What the article is actually about?
...certain parts of a mom's brain actually grow during pregnancy and during the postpartum period, leaving us slightly larger in specific areas - including those that deal with maternal motivation (hypothalamus), reward and emotional processing (substantia nigra and amygdala), sensory integration (parietal lobe), and reasoning and judgement (prefrontal cortex).
The article goes on to say that you also create a lot more neurons and neural connections during pregnancy. I argue against this because your brain deals with any new experience by trying to connect established neural pathways or by creating new ones. Treating this like a unique and amazing occurrence that only happens when you're having a baby is bullshit.
Being a mother changed the brains of female rats enough that they were able to plan ahead to be sure that they had enough food and water to feed their pups.
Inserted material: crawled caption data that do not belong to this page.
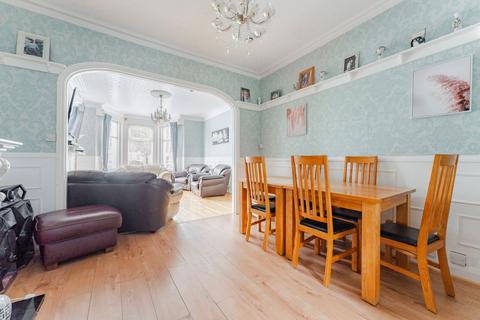 6 bedroom terraced house for sale, Trafalgar Road, Great Yarmouth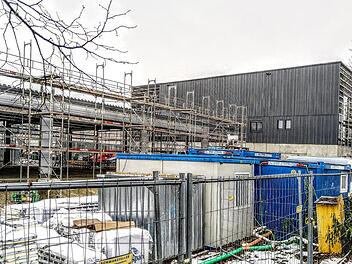 Blick auf den Rohbau des neuen CEB-Sozialgebäudes und die neue Fahrzeughalle in der Bamberger Straße.Jochen Berger
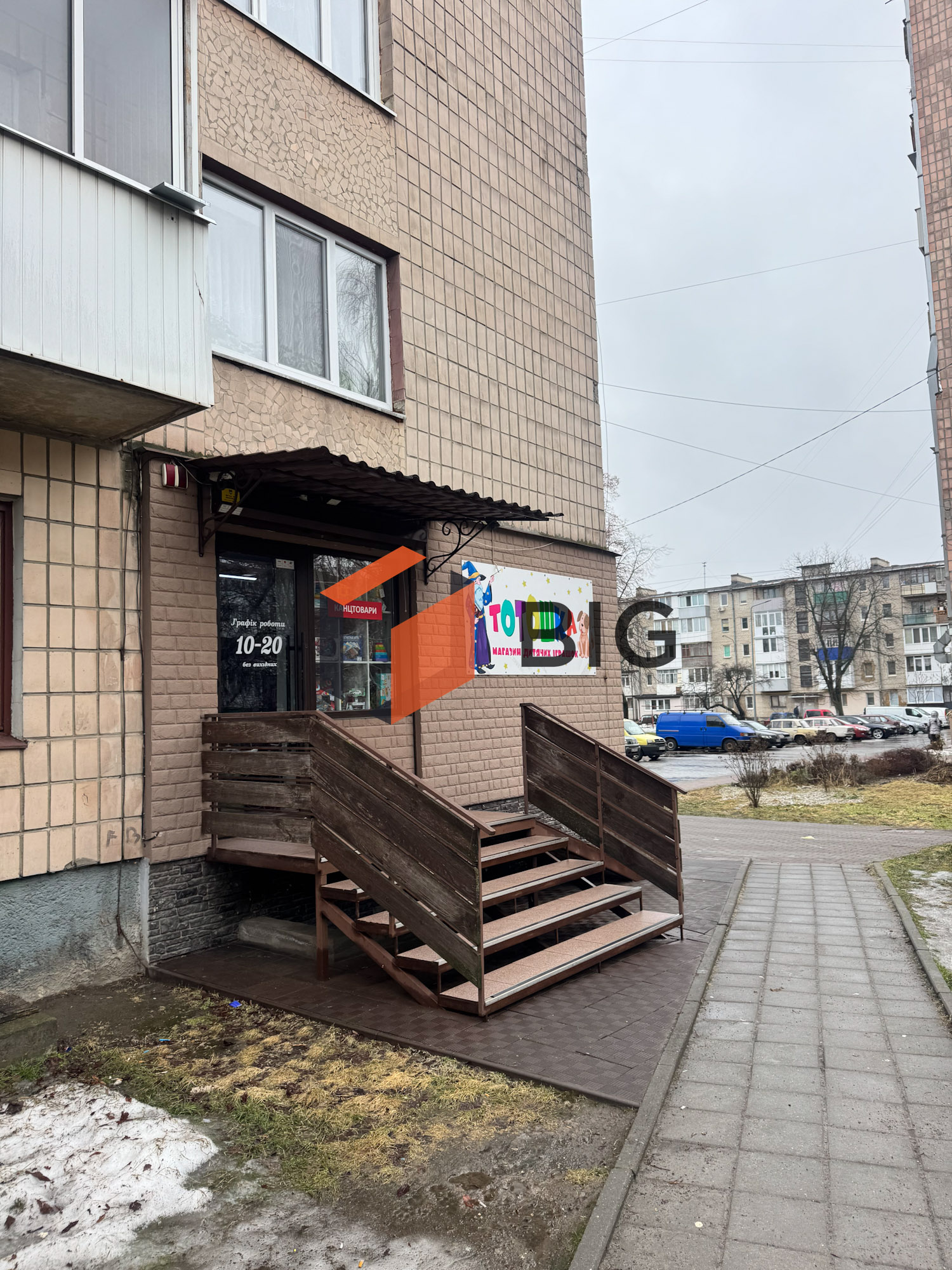 Здається в оренду комерційне приміщення по вул. Декабристів, 31.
Similarly to the last point, this has nothing to do with being "smart" and more to do with being a good parent. I'm not trying to specifically define "smart." If you get a 600 on your math SATs and a 100 on your verbal, you're still incredibly intelligent in math. Reverse, and you're incredibly intelligent with your verbal skills. The moral of the story is that having a baby does things to your brain that hopefully will make you a better parent. It doesn't increase your intelligence in any other areas.
It's as if our brains know that nourishing our children (and perhaps even getting in and out of the grocery store in record time) is more important than recalling the trivial information we tend to bank on.
The specific "trivial information" the article is referencing is knowing which Shakespeare play, "to be or not to be," comes from. It's as if knowing how to change a diaper (or, in the case of this article, shop for groceries in an efficient manner), completely obliterates the need to know general things about Shakespeare. If you know one, you literally have no fucking clue about the other. I'd also like to ask what the fuck we're "banking" our knowledge of Shakespeare on before we have children? Is it the final Jeopardy question?
Current evidence suggests that mother rats get an additional boost [of brainpower] after a second pregnancy.
This is in a sidebar, which means it's one of those quickly accessible factoids that people with not enough time/attention span to read the entire article (attention: new mothers!) will be able to quote. It's also a subtle incentive to have more children.